Store Intermediate Results

Many operators can be configured to store intermediate results in a database table or view, or in a Hadoop file.

Database Operators

For database operators, the user can select whether to create intermediate results as a table or view, and where the results are created. The default values for the results locations use workflow variables to enable the user to make changes across the entire workflow without having to edit each individual operator.

Note: Using views avoids creating large quantities of extra data, but the composition of many views in sequence might make it hard for the database to optimize the resulting query.



Hadoop Operators
For Hadoop operators, the user is often able to choose whether to store intermediate results. The default values for the results location use workflow variables to enable the user to make changes across the entire workflow without having to edit each individual operator. The directory is based on the value of the @default_tempdir workflow variable.
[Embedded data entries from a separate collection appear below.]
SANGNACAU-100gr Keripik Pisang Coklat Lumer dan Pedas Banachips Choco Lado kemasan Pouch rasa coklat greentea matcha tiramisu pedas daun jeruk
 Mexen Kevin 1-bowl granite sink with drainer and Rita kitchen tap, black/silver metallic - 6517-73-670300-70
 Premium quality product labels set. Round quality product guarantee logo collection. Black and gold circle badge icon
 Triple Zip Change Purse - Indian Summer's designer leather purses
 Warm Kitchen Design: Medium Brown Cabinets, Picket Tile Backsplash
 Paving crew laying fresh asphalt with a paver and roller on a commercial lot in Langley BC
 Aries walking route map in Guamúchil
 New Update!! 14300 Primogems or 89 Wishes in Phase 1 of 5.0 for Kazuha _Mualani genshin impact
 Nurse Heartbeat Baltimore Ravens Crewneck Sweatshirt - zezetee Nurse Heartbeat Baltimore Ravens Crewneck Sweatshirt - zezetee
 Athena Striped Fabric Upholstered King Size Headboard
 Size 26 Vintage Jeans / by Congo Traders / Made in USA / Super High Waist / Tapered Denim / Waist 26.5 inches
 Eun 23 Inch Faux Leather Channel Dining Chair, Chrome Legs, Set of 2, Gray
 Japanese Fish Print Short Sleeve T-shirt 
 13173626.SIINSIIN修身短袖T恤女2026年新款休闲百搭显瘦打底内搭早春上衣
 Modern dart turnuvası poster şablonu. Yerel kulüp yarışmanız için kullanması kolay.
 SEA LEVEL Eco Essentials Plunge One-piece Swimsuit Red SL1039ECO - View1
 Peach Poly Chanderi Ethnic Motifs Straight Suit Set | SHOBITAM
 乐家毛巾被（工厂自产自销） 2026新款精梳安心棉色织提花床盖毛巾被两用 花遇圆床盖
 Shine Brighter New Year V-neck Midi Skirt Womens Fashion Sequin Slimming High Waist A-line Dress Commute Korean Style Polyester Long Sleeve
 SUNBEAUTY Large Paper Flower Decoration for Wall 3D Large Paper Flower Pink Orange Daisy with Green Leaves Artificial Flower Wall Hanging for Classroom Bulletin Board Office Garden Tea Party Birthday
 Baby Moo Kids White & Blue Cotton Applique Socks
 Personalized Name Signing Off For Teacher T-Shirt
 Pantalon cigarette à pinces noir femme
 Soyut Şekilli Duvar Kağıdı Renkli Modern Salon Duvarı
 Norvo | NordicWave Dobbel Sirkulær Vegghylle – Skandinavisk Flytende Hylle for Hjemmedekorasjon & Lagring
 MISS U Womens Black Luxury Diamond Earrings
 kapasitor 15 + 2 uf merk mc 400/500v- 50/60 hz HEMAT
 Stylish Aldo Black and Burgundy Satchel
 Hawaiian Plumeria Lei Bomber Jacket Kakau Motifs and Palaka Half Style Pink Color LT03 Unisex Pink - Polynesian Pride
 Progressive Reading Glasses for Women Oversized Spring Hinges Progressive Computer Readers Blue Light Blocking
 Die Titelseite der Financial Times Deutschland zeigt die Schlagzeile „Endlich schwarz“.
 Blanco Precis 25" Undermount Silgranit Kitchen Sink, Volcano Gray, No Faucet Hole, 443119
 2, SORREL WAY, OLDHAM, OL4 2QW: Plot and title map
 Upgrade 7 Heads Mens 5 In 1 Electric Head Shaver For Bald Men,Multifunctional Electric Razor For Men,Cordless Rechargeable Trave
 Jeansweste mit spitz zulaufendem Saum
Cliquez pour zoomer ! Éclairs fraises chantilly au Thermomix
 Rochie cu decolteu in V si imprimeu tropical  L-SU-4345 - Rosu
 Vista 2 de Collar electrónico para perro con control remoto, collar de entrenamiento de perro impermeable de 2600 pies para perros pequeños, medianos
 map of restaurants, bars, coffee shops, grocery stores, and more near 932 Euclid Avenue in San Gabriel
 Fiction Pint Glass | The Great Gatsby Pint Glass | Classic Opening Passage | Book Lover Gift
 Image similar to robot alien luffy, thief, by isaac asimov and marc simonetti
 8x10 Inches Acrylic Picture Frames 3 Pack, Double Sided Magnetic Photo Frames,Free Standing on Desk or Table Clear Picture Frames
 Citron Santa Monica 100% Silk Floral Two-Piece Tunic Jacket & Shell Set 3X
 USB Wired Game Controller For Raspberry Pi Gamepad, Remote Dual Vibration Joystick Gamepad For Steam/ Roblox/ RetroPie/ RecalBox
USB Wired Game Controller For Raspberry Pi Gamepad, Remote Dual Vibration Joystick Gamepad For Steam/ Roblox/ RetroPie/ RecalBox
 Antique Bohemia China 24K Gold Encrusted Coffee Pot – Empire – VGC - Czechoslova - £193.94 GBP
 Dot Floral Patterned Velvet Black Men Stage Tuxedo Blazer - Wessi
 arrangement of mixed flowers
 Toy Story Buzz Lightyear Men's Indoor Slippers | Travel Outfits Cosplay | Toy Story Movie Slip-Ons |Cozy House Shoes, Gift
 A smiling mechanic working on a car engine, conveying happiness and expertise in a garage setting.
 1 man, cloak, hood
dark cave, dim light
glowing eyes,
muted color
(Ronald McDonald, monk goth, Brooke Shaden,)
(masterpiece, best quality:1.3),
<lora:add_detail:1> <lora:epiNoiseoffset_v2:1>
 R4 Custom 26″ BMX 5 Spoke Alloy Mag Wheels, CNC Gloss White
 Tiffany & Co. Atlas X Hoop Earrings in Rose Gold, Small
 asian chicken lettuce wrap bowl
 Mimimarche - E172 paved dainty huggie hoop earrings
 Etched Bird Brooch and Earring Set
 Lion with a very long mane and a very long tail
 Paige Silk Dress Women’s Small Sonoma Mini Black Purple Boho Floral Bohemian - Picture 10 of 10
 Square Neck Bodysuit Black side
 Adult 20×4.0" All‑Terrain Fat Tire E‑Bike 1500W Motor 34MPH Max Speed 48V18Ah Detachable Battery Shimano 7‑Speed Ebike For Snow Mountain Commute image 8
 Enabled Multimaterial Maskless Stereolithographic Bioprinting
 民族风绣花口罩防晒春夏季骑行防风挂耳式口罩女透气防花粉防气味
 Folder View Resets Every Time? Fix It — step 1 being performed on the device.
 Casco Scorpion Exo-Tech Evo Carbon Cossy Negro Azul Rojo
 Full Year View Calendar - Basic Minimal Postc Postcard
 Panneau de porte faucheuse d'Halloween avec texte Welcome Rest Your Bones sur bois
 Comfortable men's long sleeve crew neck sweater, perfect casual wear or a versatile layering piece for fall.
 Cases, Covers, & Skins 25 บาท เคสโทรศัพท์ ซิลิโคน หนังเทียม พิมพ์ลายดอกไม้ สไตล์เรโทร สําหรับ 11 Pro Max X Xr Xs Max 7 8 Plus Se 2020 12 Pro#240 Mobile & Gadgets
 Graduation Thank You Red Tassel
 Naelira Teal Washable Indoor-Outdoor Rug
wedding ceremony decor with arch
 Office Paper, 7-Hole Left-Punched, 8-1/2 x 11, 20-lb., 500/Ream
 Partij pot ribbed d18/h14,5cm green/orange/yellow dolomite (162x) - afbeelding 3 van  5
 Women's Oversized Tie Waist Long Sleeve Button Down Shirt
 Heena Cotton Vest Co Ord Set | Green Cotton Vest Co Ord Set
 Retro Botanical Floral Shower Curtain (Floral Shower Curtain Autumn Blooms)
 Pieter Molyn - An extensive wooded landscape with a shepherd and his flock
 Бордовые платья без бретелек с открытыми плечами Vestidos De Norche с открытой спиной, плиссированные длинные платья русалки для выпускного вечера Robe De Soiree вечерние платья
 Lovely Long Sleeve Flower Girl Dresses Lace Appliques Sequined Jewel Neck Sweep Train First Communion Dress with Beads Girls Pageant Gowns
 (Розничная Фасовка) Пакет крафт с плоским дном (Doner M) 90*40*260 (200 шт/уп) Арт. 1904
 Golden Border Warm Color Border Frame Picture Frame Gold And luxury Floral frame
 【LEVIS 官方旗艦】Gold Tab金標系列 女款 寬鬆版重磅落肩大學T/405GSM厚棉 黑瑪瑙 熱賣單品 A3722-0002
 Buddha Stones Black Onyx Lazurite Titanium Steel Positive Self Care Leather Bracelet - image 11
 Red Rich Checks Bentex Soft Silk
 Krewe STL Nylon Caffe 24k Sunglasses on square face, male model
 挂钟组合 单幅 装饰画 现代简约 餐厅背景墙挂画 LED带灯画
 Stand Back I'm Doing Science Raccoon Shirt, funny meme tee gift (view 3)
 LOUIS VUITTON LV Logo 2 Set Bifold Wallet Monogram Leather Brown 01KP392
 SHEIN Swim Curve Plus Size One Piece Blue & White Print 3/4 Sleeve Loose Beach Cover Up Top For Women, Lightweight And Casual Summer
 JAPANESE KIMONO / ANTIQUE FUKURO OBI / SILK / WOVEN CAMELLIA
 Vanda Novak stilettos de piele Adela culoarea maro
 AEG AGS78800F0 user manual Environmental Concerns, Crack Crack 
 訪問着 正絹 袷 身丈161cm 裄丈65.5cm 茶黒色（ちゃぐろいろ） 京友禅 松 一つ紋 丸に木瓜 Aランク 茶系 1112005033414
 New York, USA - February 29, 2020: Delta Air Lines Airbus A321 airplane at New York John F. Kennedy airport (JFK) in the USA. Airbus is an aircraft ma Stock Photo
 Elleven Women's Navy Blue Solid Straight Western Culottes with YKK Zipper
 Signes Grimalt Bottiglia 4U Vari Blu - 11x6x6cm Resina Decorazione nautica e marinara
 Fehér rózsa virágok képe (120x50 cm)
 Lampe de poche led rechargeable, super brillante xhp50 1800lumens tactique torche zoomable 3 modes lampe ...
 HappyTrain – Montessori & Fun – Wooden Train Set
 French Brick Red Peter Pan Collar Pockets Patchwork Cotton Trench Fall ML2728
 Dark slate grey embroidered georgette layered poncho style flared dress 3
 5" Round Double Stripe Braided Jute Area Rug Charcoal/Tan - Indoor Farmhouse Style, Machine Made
In certain cases, an operator can only be connected to another operator if its Store Results? parameter is set to True. This is because certain operators (for example, most modeling operators) must work on files rather than an intermediate result set. Team Studio automatically sets Store Results? to be True when this is required.



Downloading Stored Results

When Store Results? is set to True for a particular operator, the user is able to select that operator and download the data results at any time, provided the flow has already been run.

Right-click on the operator and select Download Results:



Note: When downloading, you can choose whether to include the header row in the download file.